What Is Data-Driven Testing?

Data-driven testing is a method of automated software testing in which the same test scripts are run against different data sets that are kept separate from the test scripts. The methodology creates a separation between the tests and the data sources used for tests, which are typically stored in data files, such as an excel file or a CSV file. Data-driven testing is also known as table-driven testing or parameterized testing.

This methodology allows you to easily test many scenarios without manually re-executing the test case with each data set. That way, a single test script can be used comprehensively, validating several scenarios in both happy and sad paths for the same functionality. Also, data-driven testing makes it easy to add new scenarios just by adding new inputs to the datasets, bringing the overall cost of the testing process down. It’s almost like you’ve written a different test just by pointing the test to a new data file.

Thus, the technique saves a lot of time and money and brings great flexibility to a software testing strategy. A data-driven testing framework can achieve greater test coverage, validating more of your app’s functionality and avoiding regressions.

Data-driven testing's time-saving capability is surely one of its main selling points.

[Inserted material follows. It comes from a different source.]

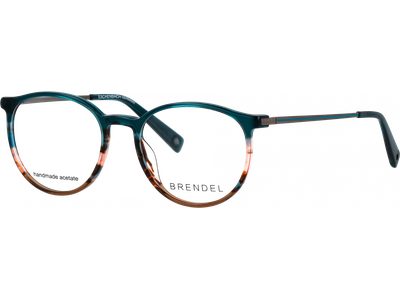 Brendel Brille Damen Brendel 903156 50 46 Ansicht 2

As such, a test automation framework that enables this technique can help teams test earlier and more often, achieving a shift-left testing strategy, which we can consider a crucial part of the agile testing methodology.

This post is a guide to data-driven testing. Though it’s not a step-by-step tutorial, you’ll read about tools, including data-driven testing frameworks such as TestNG and even Selenium WebDriver.

We’ll start the post by talking about the agile testing methodology and the role test automation plays in it. Then, we’ll move on to cover data-driven test observations and data-driven test steps. After that, we cover the importance of data-driven tests, and, before wrapping up, we walk you through a basic example of a data-driven test framework with Selenium WebDriver, Java, and Apache POI.

Agile Testing Methodology and Test Automation

Let’s talk about the agile testing methodology and how it relates to data-driven testing and test automation.

To understand the agile testing methodology, it's vital to take a step back and talk about software testing before the agile era.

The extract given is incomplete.